I have been of the opinion for the past few years that there is a complex, highly significant allusion to Jane Austen’s immensely popular and influential novel Pride & Prejudice in Alexander Pushkin’s immensely popular and influential poem Eugene Onegin. In the near future I will be posting some of the textual details which led me to this conclusion. In the interim, as an introduction to the depth of the allusion to P&P in Eugene Onegin, and also as a particularly good example of the capacity of some very astute readers of literature to deny what they have already seen, start with Tom Beck’s 2011 introduction to Eugene Onegin:
“[compares Onegin to Don Giovanni, then] The motto of Eugene Onegin, apparently written in French by Pushkin himself in a letter, would seem to sum up not only the hero of Pushkin’s novel, but also Don Giovanni himself…..The motto reads: ‘Filled with vanity, he had even more of that kind of pride which allows a person from a – perhaps illusory—sense of superiority, to admit to both his good and bad deeds with the same indifference.’ Yet we need not stray as far as Mozart’s Italianate world to understand Pushkin’s story in terms more familiar to an English speaking readership. The main characters of Pushkin’s novel are in many ways of a type already familiar to the English reader from an entirely different source, and one entirely unknown to Pushkin himself. Although the protagonists of JA’s P&P, written some ten years before Eugene Onegin was even started, are [English, not Russian], …there are marked similarities between the two works. Tatiana, perhaps the best loved character in all Russian literature, is in many ways a mixture of the two oldest Bennet girls. When we first meet her she is not dissimilar to the gentle, demure, and naïve Jane Bennet, trusting and quickly impressed, and also just as quickly snubbed by the man she loves. Tatiana, however, undergoes a profound change in the course of the story, and in the last chapter turns into something approaching Elizabeth Bennet as we know her at the start of JA’s novel, self assured and with a will and a mind of her own. The scene in which Tatiana reject Onegin (Chapter 8) is in many ways comparable to Lizzie’s rejection of Darcy when he makes his first proposal during a visit to Lady Catherine de Burgh.

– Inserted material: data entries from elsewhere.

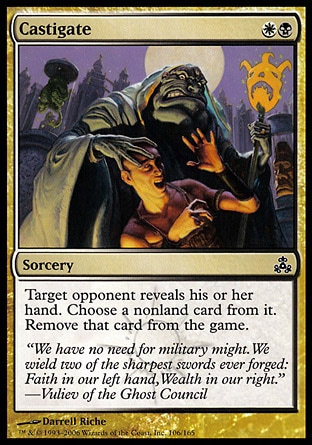 Castigate (2, WB) 0/0\nSorcery\nTarget opponent reveals his or her hand. You choose a nonland card from it and exile that card.\nGuildpact: Common\n\n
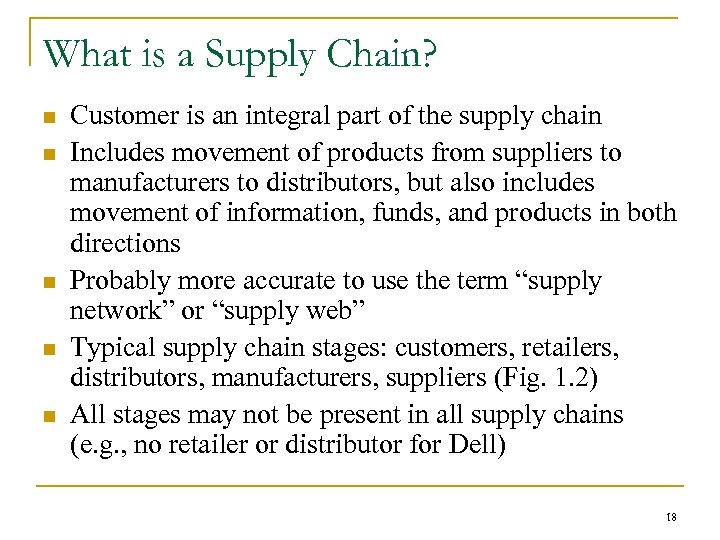 What is a Supply Chain? n n n Customer is an integral part of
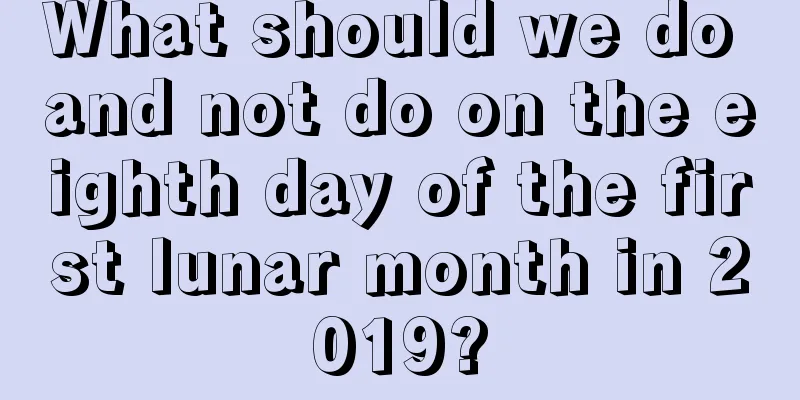 What should we do and not do on the eighth day of the first lunar month in 2019?
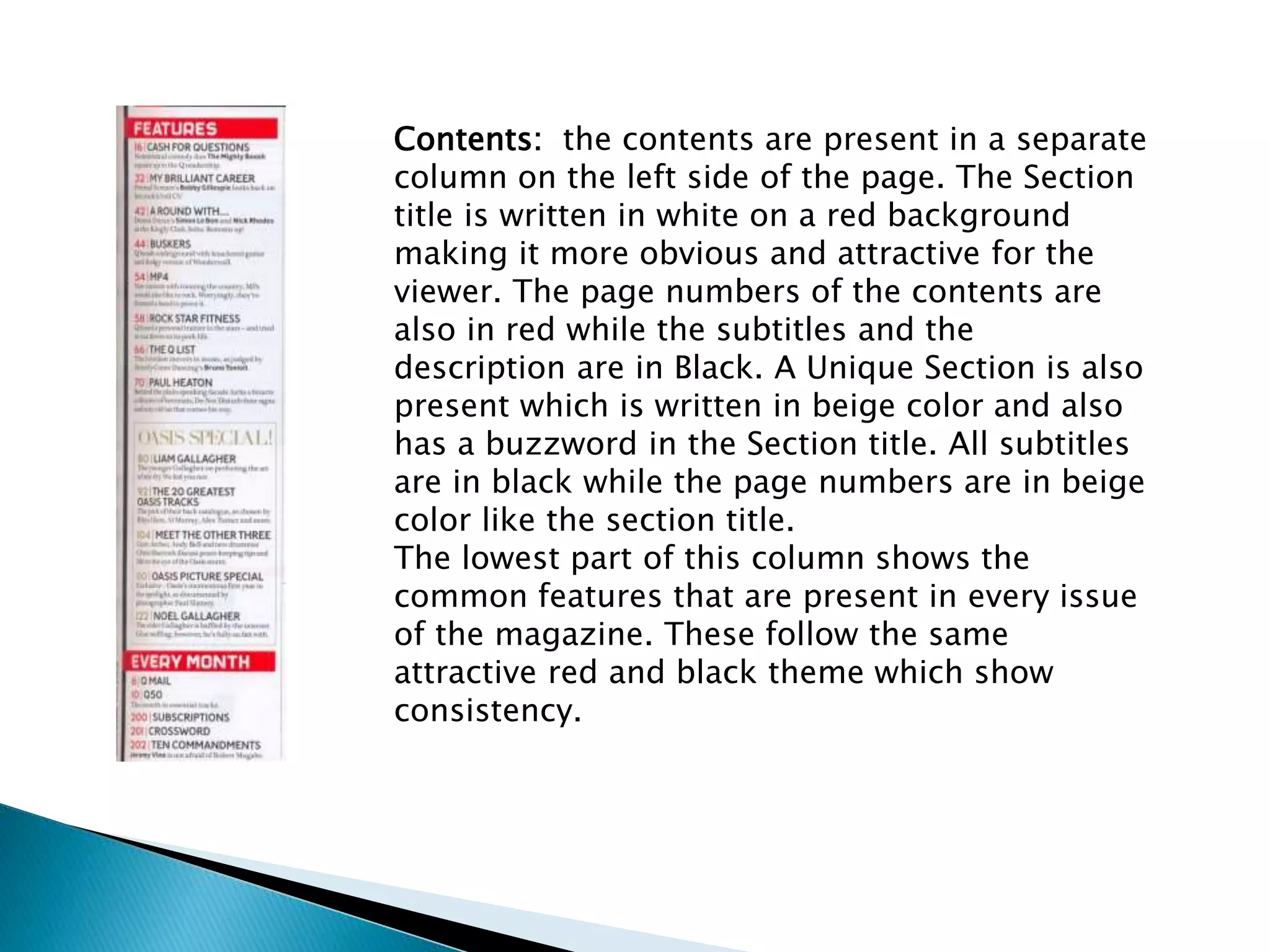Contents: the contents are present in a separate
column on the left side of the page. The Section
title is written in white on a red background
making it more obvious and attractive for the
viewer. The page numbers of the contents are
also in red while the subtitles and the
description are in Black. A Unique Section is also
present which is written in beige color and also
has a buzzword in the Section title. All subtitles
are in black while the page numbers are in beige
color like the section title.
The lowest part of this column shows the
common features that are present in every issue
of the magazine. These follow the same
attractive red and black theme which show
consistency.
 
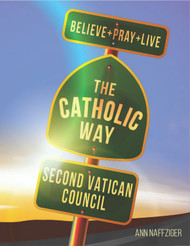[Individual Catholic Way Sessions] Second Vatican Council (eResource): Sessions + Handouts for Praying, Learning, and Living the Faith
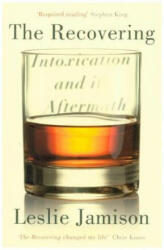 Recovering - Intoxication and its Aftermath (ISBN: 9781783781539)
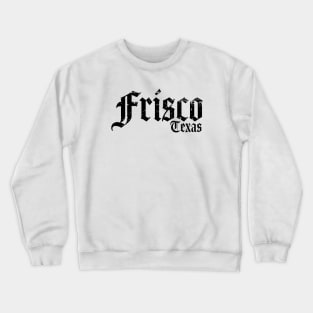 Frisco Texas Black Distressed Crewneck Sweatshirt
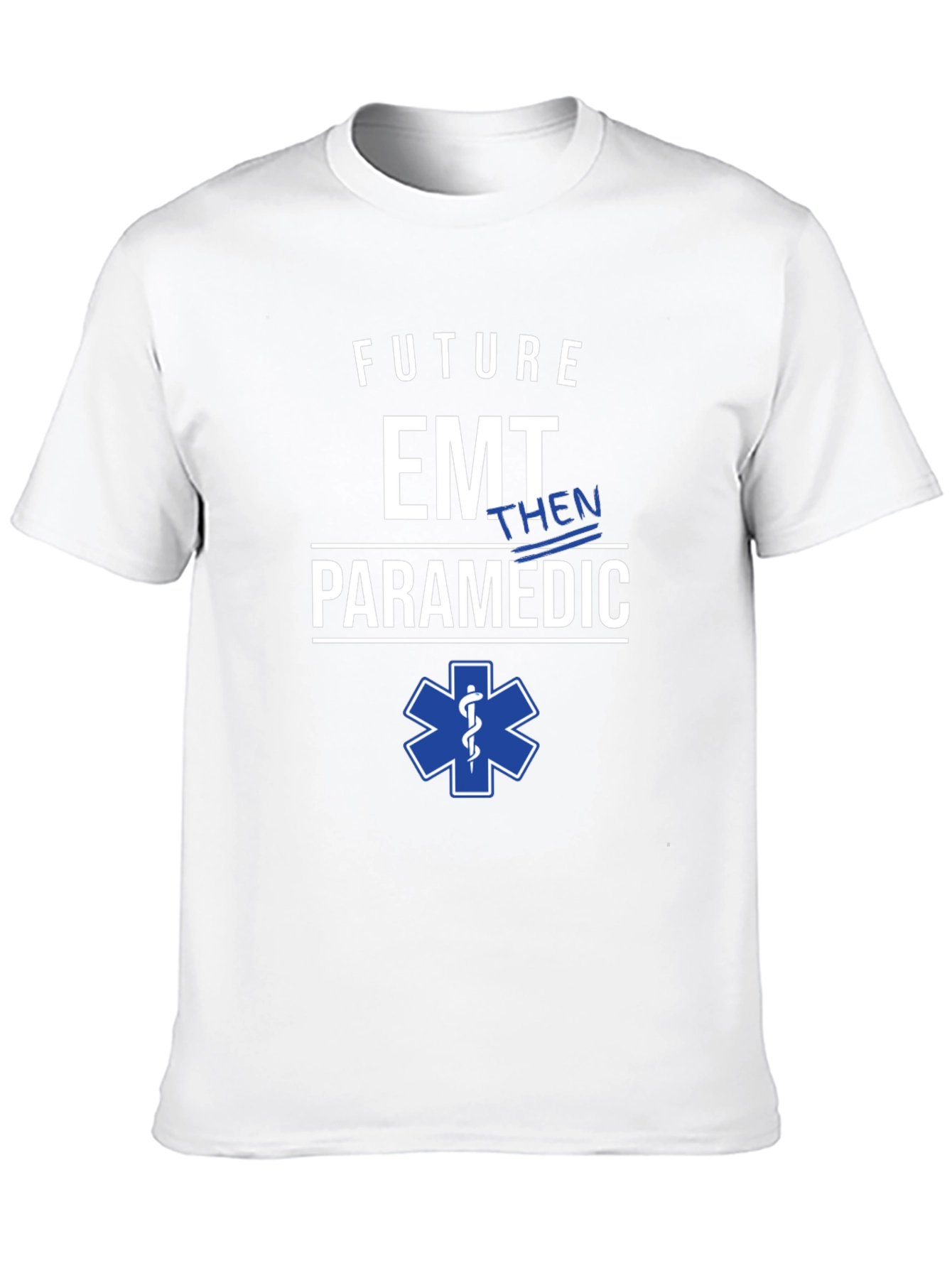 Future EMT Then Paramedic T-Shirt Medical EMS Gift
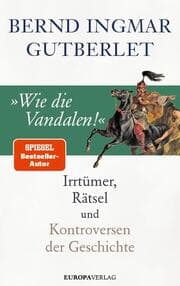 Cover von Wie die Vandalen!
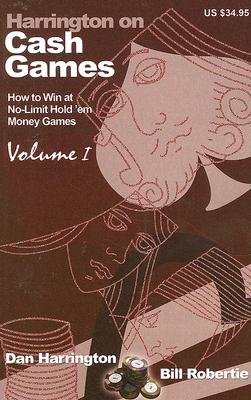 Harrington on Cash Games, Volume I: How to Play No-Limit Hold 'em Cash Games By Dan Harrington, Bill Robertie Cover Image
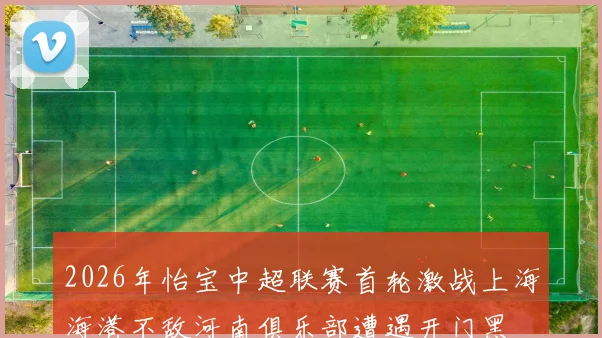 2026年怡宝中超联赛首轮激战上海海港不敌河南俱乐部遭遇开门黑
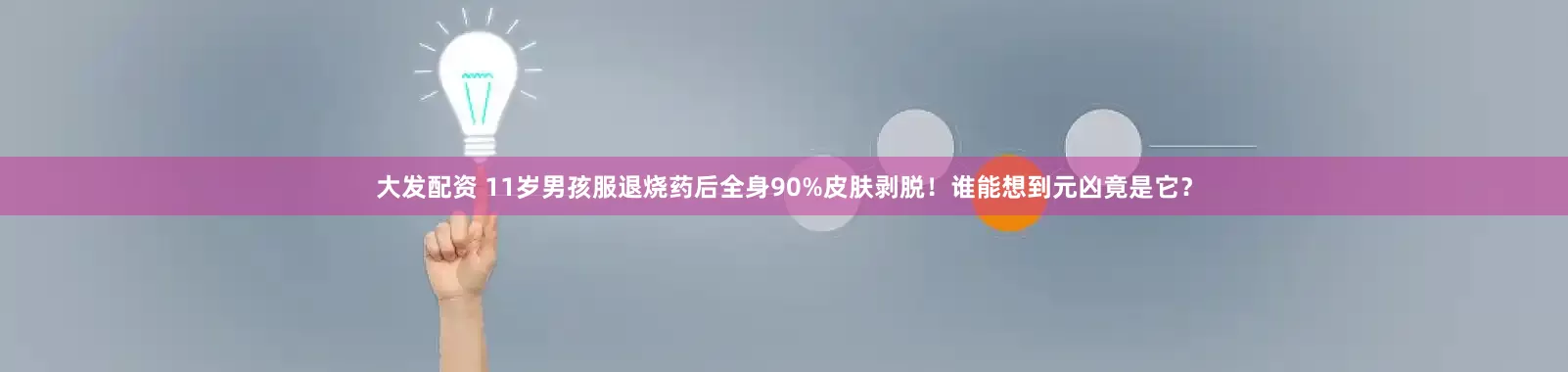 大发配资 11岁男孩服退烧药后全身90%皮肤剥脱！谁能想到元凶竟是它？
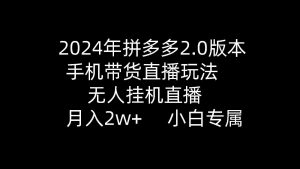 2024年拼多多2.0版本，手机带货直播玩法，无人挂机直播， 月入2w+， 小…-KJ分享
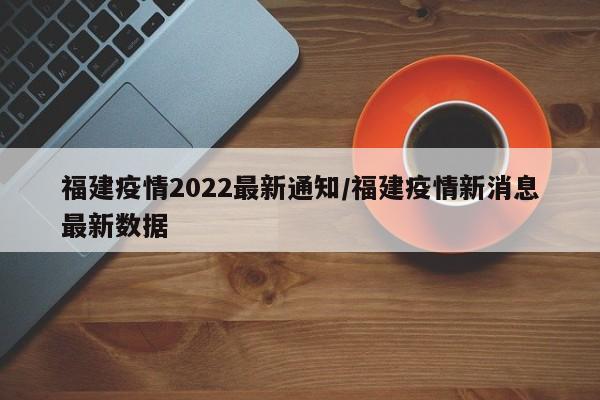 福建疫情2022最新通知/福建疫情新消息最新数据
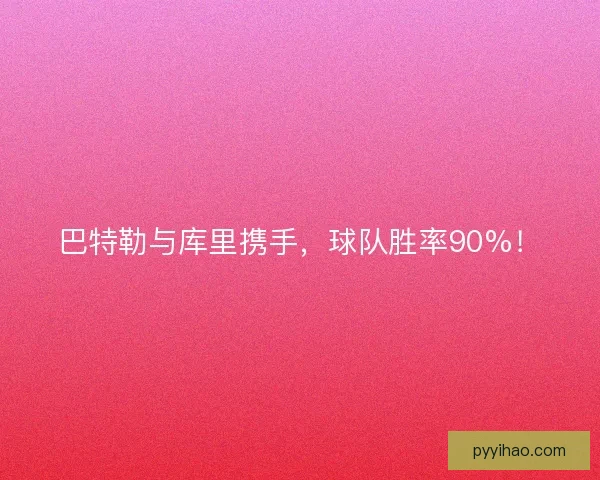 巴特勒与库里携手，球队胜率90%！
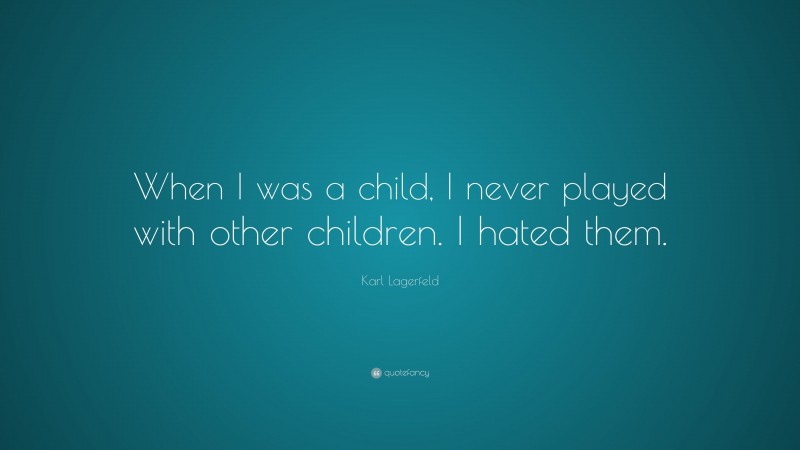 Karl Lagerfeld Quote: “When I was a child, I never played with other children. I hated them.”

Onegin himself has many of the characteristics of Darcy, at least of the Darcy we meet when JA’s novel begins. He too looks down on the simple country girls, their family, pastimes and surroundings. Indeed, in both novels it is a ballroom incident which plays a vital role in the story. Both Darcy and Onegin are so thoroughly bored by the company they find themselves in, that their future actions are dictated by what they experience. And as Darcy seeks to destroy his friend Bingley’s love for Jane Bennet, so Onegin also comes between his young friend Lenski and Lenski’s adored Olga, Tatiana’s younger sister. Darcy, like Onegin, is at first apparently a cold and supercilious figure, whose personality develops as the story progresses. But whereas JA provides us with a happy end, Pushkin leaves his hero’s fate open. Onegin comes to realize his earlier mistake, but his entreaties that the now married and aristocratic Tatiana give him another chance are rejected, although she loves him still. Even the gallery of secondary characters in P&P is matched by Pushkin. The haughty Bingley sisters, the appalling and hysterical Mrs. Bennet (evidently a close relative of Mrs. Larin), her three foolish youngest daughters (Olga would feel at home with them, Lydia in particular), the sycophantic Mr. Collins and his snobbish patroness Lady Catherine all find their parallels in Pushkin’s novel…”
END QUOTE FROM BECK’S INTRO TO E.O.
That Beck could see all those parallels, clustered together so closely around Mr. Darcy, and yet blithely state that P&P was entirely unknown to Pushkin himself, is amazing to me. Everything else Beck wrote in the above quoted discussion proves that even though Pushkin’s correspondence and biography do not mention P&P or JA, Pushkin must have read, or at least read or heard a great deal about, P&P, before he finalized Eugene Onegin. When literary scholars try to dismiss parallels as intentional, with the stock, lazy argument that there are only a handful of stories that get constantly recycled independently by writers, they ignore the detailed, specific clustering of textual allusions which could not possibly have occurred by a random process, or by different authors dipping their pens in the same pool of “ink”!